Oh, and if you were thinking about opening up shop solely online – don’t. You may eventually gravitate towards online training and consultations, but if you want to get your business off the ground and gain experience, you’re going to need to interact with clients in person. To break into the online world in any meaningful way, you’ll have to slowly build your reputation and image until people who’ve never met you know who you are. In the meantime, those in-person clients are going to keep the lights on.
3. Hustle, Hustle, Hustle
You’ve opened up an account, you’ve picked a spot, and you’ve set up your training studio or office. Now it’s time to hustle! You never really understand how hard it is to run your own business until you’re actually doing it, and the only way to create a consistent cash flow is to pound the pavement until you have a steady clientele. Phone calls, emails, in-person networking, referrals, even pinching prospects from the gyms you used to work at – leave no stone unturned in your quest for clients!

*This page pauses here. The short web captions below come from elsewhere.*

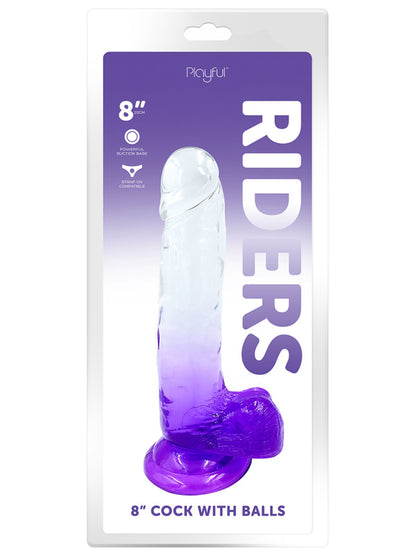 Riders - 8" Cock with Balls Purple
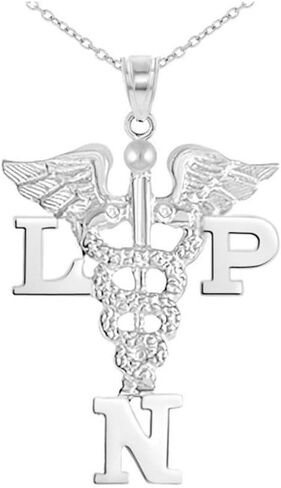 NursingPin - Sterling Silver Licensed Practical Nurse LPN Charm with Necklace in Saudi Arabia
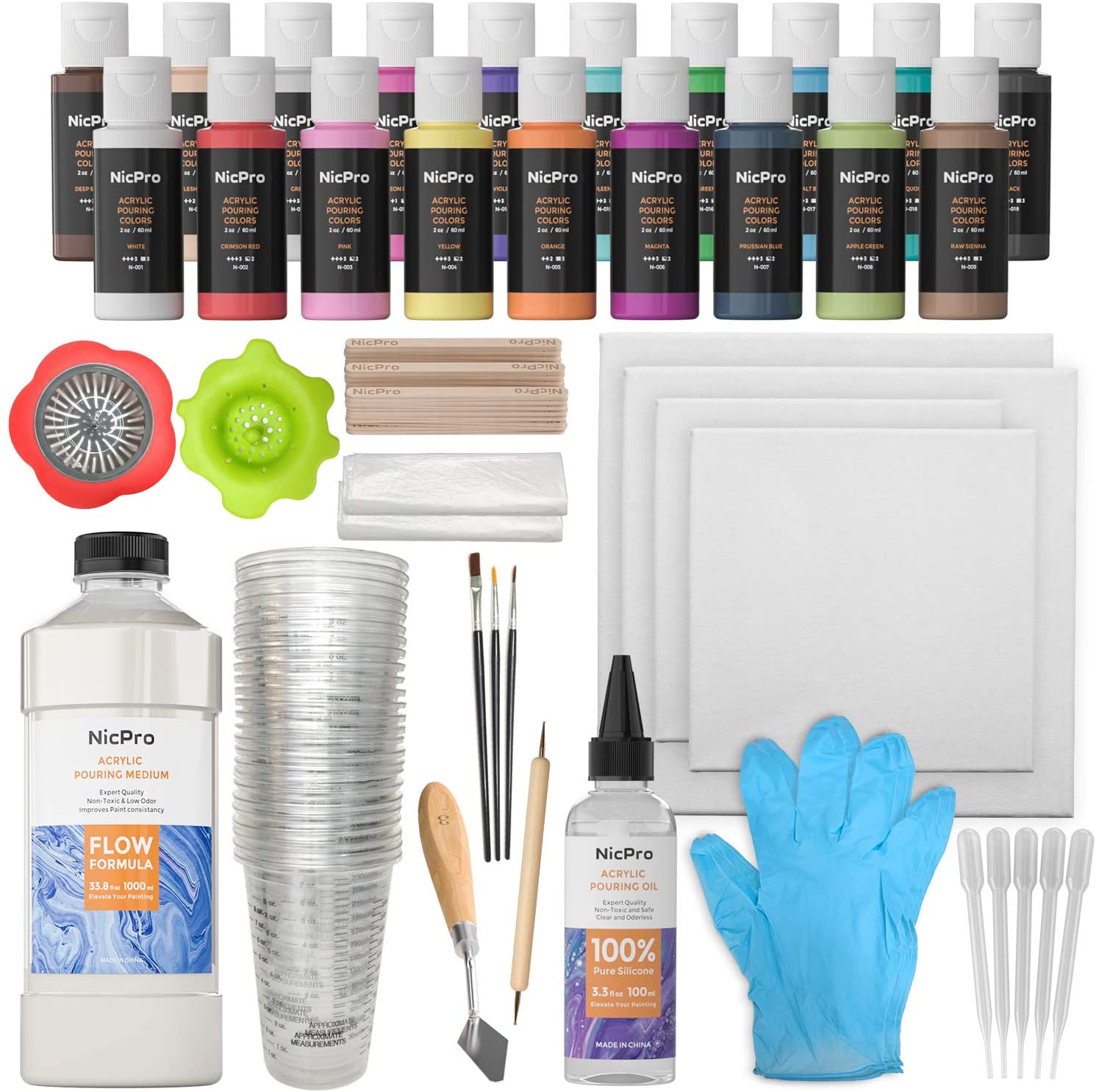 Nicpro Acrylic Pouring Art Supplies, Pouring Medium Starter Kit, 19 Co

4. Know What You Are – and What You Aren’t!
I don’t buy into the idea that every fitness professional needs to become a mini-celebrity, but you do need to know what you’re all about. Do you train athletes, the general population or both? Do you specialize in nutrition, training or a combination of the two? How do you define your approach to health, fitness and performance? You can’t be all things to all people, and you need to be able to sum up what you do in a few short sentences. In a world full of mediocre jacks-of-all-trades, your best bet is to become very good – and very well-known – for just a few things.
5. Build Your Brand
Once you’ve identified your niche or ideal spot in the fitness industry, you need to start building your brand. What are you selling points? What value do you bring to your clients’ lives? Why should anyone hire you instead of your competitors? Whether you’re marketing online, over the phone or in person, you need to answer these questions as consistently as possible. Most people won’t buy into a product, person or idea until it’s been drilled into their heads! And remember, you may be giving your elevator pitch for the umpteenth time every time you speak to someone new – but it’s the first time they’ve ever heard it. Always bring your A game!
6. Avoid Gimmicks
As important as it is to build your brand and appeal to prospects, it’s just as critical that you avoid gimmicks. The fitness industry – particularly supplement companies – are chock full of empty promises and flash-in-the-pan “professionals,” and their tactics will only tarnish your reputation in the long run. Grandiose promises might land you a few clients in the here and now, but what happens when they realize you can’t deliver? Do you want to depend on a revolving door of short-term clients, always wondering who’s going to be writing the next check? Or do you want to build a solid base of clients who trust you, and who will constantly refer you to their friends? I’ve met a lot of other successful trainers and coaches, and not one of them built their business with false advertising or amazing claims.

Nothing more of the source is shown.